If $a_{0},a_{1},a_{2},\cdots\cdots$be coefficient in the expansion of $(1+x+x^2)^n$ in ascending power of $x$.Then prove that
$(1)\;a_{0}\cdot a_{1}-a_{1}\cdot a_{2}+a_{2}\cdot a_{3}-\cdots\cdots -a_{2n-1}\cdot a_{2n}=0$
$(2)\;a_{0}\cdot a_{2}-a_{1}\cdot a_{3}+a_{2}\cdot a_{4}-\cdots\cdots +a_{2n-2}a_{2n}=a_{n+1}$
Try: $(1+x+x^2)^n=a_{0}+a_{1}x+a_{2}x^2+\cdots \cdots +a_{2n}x^{2n}$
Put $\displaystyle x=\frac{1}{x}$,we have
Try: $(1+x+x^2)^n=a_{0}x^{2n}+a_{1x^{2n+1}}+a_{2}x^{2n+2}+\cdots \cdots +a_{2n}x^{4n}$
Could someone help me to solve it?
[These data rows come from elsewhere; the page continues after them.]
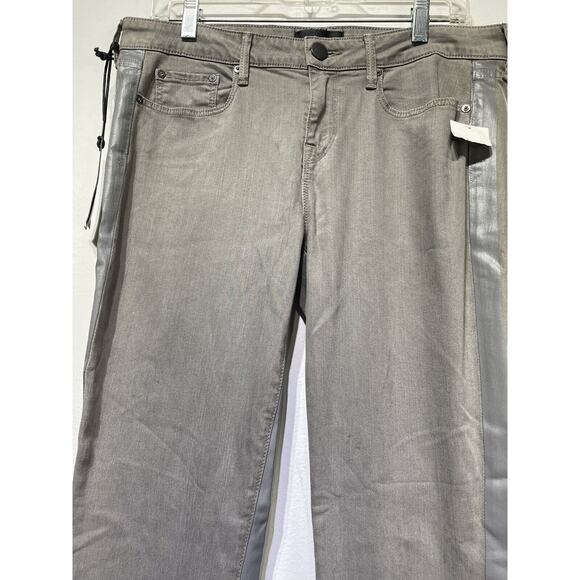 Vince Dylan Skinny Denim Jeans Silverfin Side Tuxedo Stripe Size 29 - Picture 7 of 7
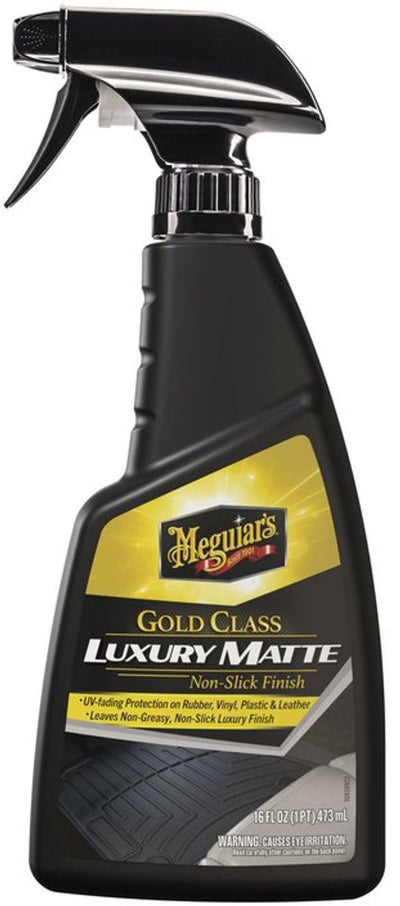 Meguiar's Meguiar's Gold Class Luxury Matt – 473 ml – Reiniger für matte Oberflächen – ohne Glanzbildung – streifenfreies Ergebnis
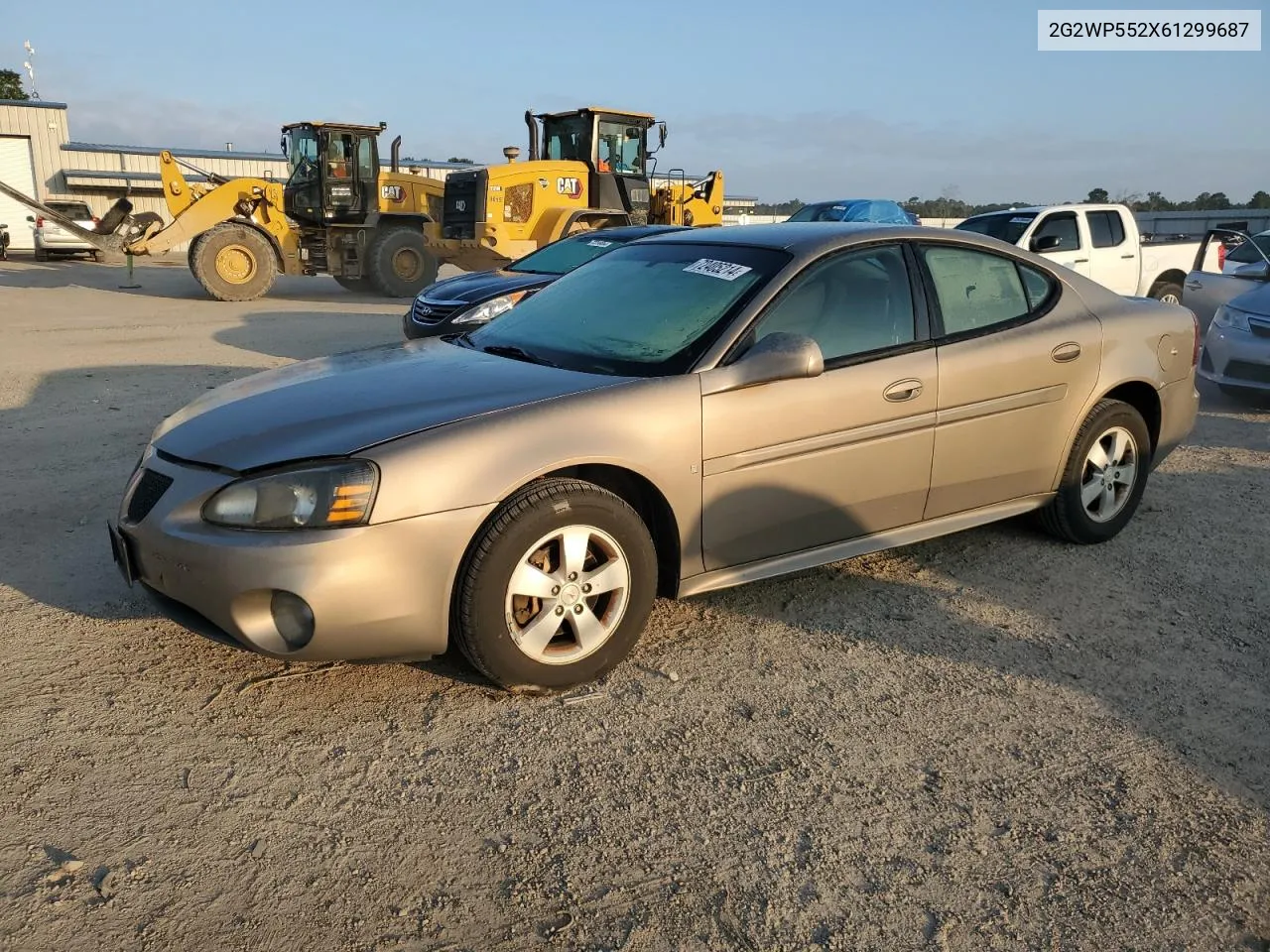 2006 Pontiac Grand Prix VIN: 2G2WP552X61299687 Lot: 72405214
Thanks!
Substituting $x$ by $\frac 1x$ into $$(1+x+x^2)^n=\sum_{j=0}^{2n}a_{j}x^j\tag3$$ we get $$\left(1+\frac 1x+\frac{1}{x^2}\right)^n=\sum_{j=0}^{2n}a_{j}\left(\frac 1x\right)^j\tag4$$ Multiplying the both sides by $x^{2n}$ gives $$(x^2+x+1)^n=\sum_{j=0}^{2n}a_{j}x^{2n-j}\tag5$$ Substituing $x$ by $-x$ into $(5)$ gives $$(x^2-x+1)^n=\sum_{j=0}^{2n}a_{j}(-1)^{2n-j}x^{2n-j}\tag6$$
Multiplying $(6)$ by $(3)$, we get $$(1+x^2+x^4)^{n}=\left(a_0x^{2n}-a_1x^{2n-1}+a_2x^{2n-2}-\cdots +a_{2n}\right)\left(a_0+a_1x+\cdots +a_{2n}x^{2n}\right)\tag7$$
$(1)$
Let us consider the coefficient of $x^{2n+1}$ in $(7)$.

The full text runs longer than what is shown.